__EXERCISE BRIEF__:
Starting at the line below that contains "Set Letto Homescapes" and ending at the line that contains "Castro Naves - TOUCA", retype each line exactly as it stands, but omit the pictures.

__MATERIALS PROVIDED__:

****************************************

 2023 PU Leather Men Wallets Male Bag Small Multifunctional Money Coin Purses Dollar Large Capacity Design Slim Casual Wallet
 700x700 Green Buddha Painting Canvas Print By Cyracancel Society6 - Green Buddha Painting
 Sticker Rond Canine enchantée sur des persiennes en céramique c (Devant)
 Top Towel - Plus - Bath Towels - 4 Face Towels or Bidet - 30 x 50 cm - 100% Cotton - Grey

****************************************

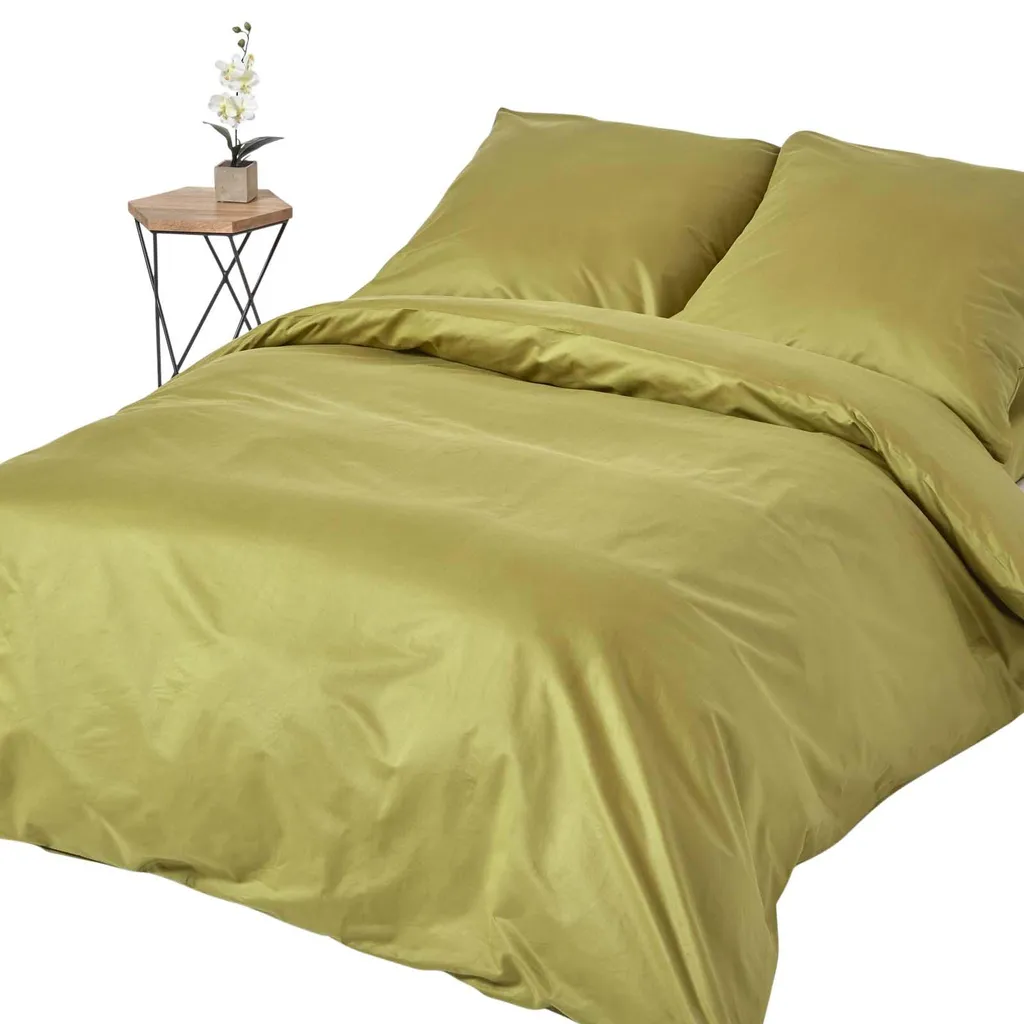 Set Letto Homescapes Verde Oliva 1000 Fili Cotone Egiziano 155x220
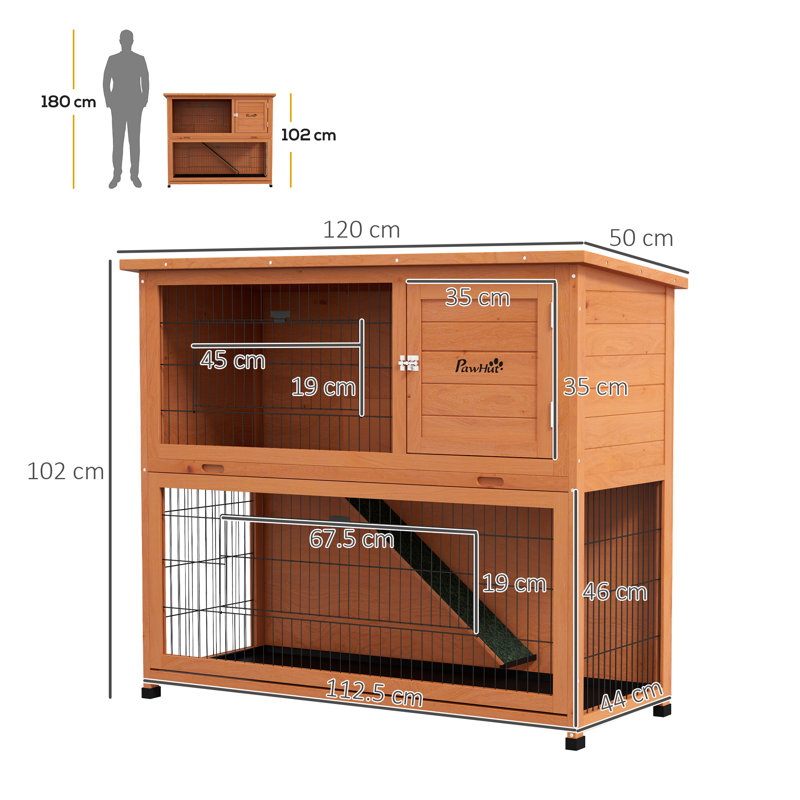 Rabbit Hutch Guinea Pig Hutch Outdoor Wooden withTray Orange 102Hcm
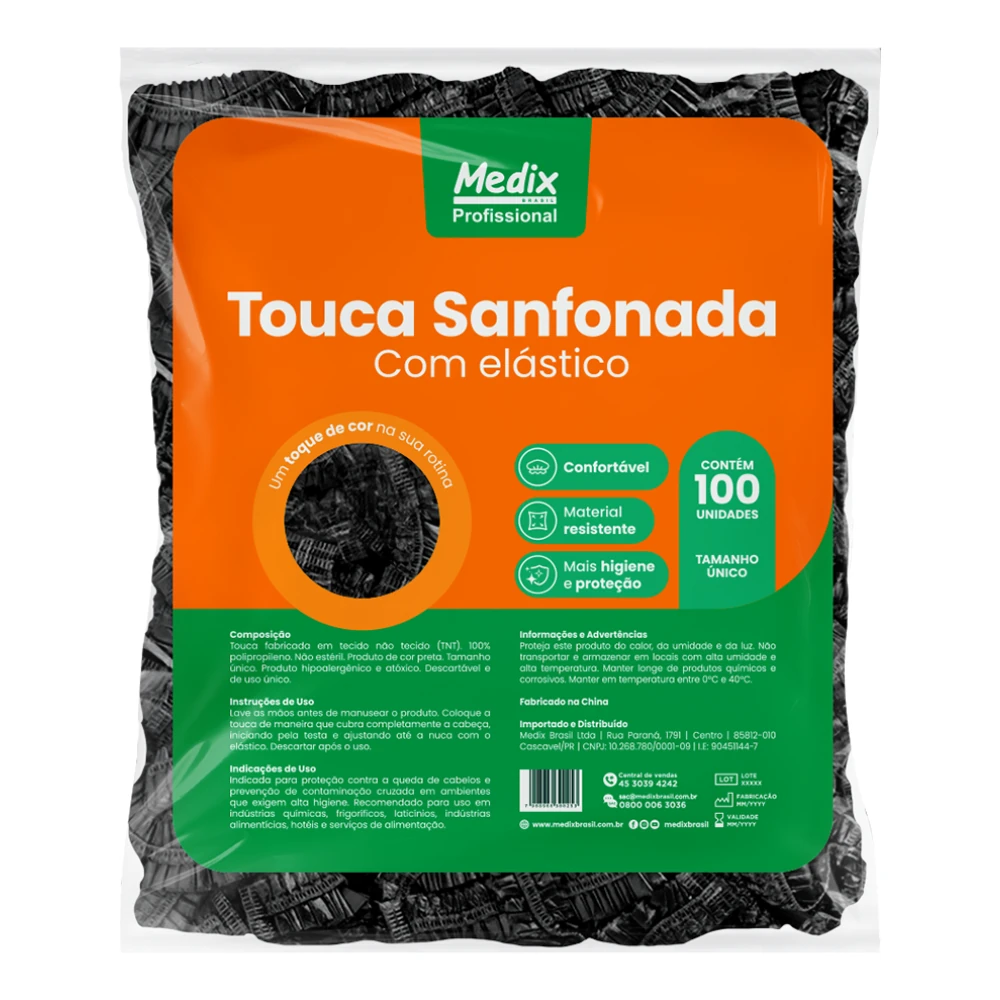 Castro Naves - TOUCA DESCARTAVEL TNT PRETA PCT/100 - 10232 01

****************************************

__SOLUTION TO THE PROBLEM__:
 Set Letto Homescapes Verde Oliva 1000 Fili Cotone Egiziano 155x220
 Rabbit Hutch Guinea Pig Hutch Outdoor Wooden withTray Orange 102Hcm
 Castro Naves - TOUCA DESCARTAVEL TNT PRETA PCT/100 - 10232 01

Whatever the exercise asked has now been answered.